Extending libasdf with extension types¶
Note
The extension mechanism in libasdf is not fully stable and subject to change, thought it is already possible to write third-party extensions.
The extension mechanism allows providing custom code for handling tagged values in the ASDF tree, and converting it to a user-defined custom data structure.
When reading a tagged value out of the tree, such as
%YAML 1.1
%TAG ! tag:stsci.edu:asdf/
--- !core/asdf-1.0.0
data: !core/ndarray-1.1.0
source: 0
datatype: float64
shape: [1024, 1024]
...
libasdf will read the tag. If there is an extension registered under that
tag, libasdf will recognize it not just as a mapping (in this case) but
as an instance of some ndarray type. Each extension type comes with
corresponding asdf_is_<type>, asdf_get_<type>, asdf_value_is_<type>
and asdf_value_as_<type> functions, as well as asdf_<type>_destroy.
For example, asdf_get_ndarray will return the above value as an
asdf_ndarray_t struct.

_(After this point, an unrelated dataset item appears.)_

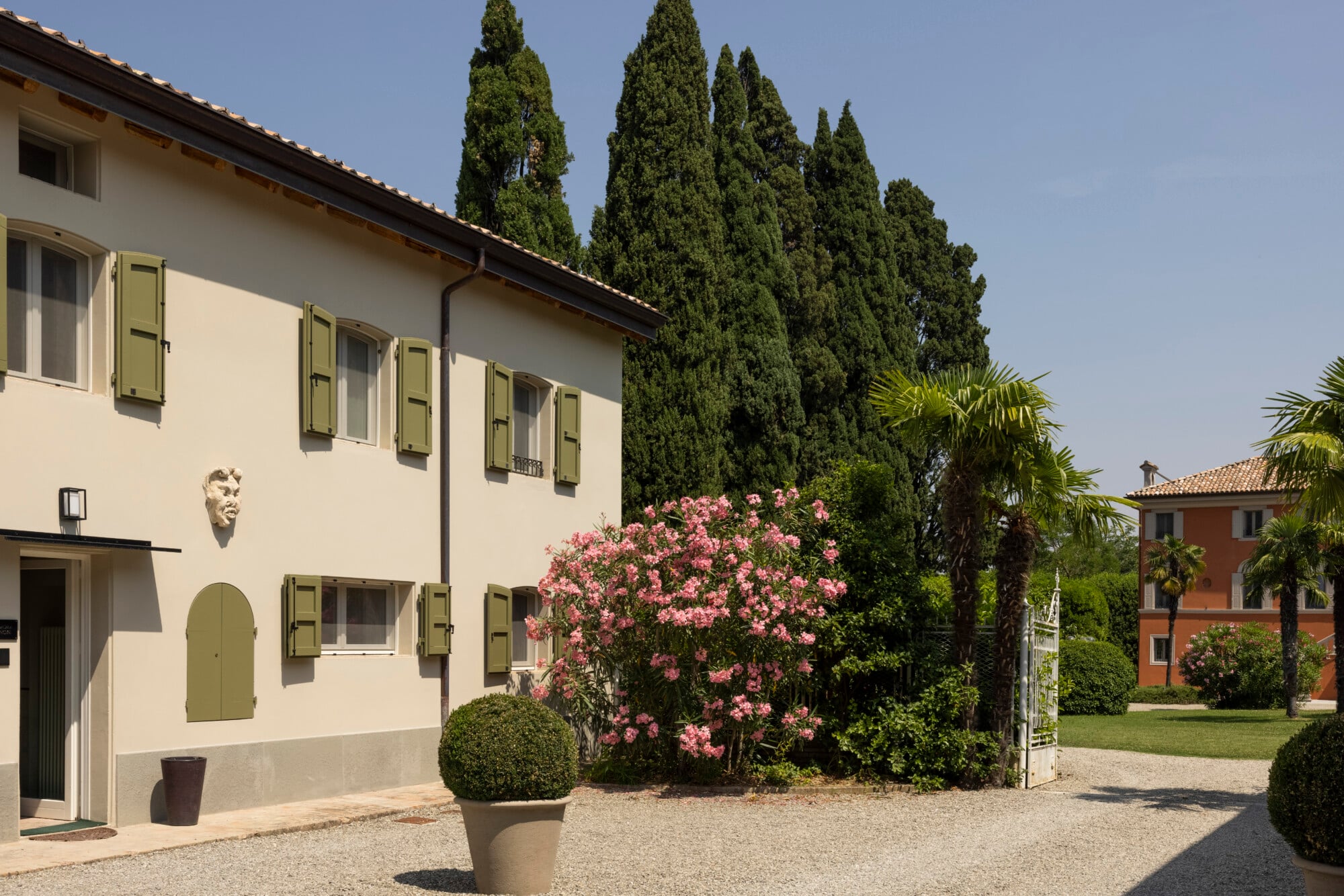Roncolo 1888, Europe — Cream-rendered villa with green shutters, pink oleander blooms, cypress trees, and gravel courtyard in Italian countryside estate setting.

Trying to call this on any value not tagged as
tag:stsci.edu/asdf/core/ndarray-1.1.0 will result in
ASDF_VALUE_ERR_TYPE_MISMATCH, even if it happens to match the same
structure. The tagged value cannot be read implicitly without the actual
tag in the YAML file.
Note
There is some open discussion about allowing implicit type conversion as well, if the value can be successfully deserialized. Though this is generally againt the spirit of ASDF and YAML, where the semantic meaning carried by tags is considered important.
libasdf includes builtin extension types for many of the core ASDF types, including:
-
Note
This schema represents the standard top-level metadata in most ASDF files. In libasdf the type representing this is called
asdf_meta_t, however, in order to avoid having someasdf_asdf_t.
with more to be added.
Loading extensions from third-party libraries¶
Extension types can be declared in stand-alone shared libraries–applications that link a shared library defining the extension type (as well as libasdf itself, which is needed anyways to declare the extension) will automatically register that extension when the library is loaded.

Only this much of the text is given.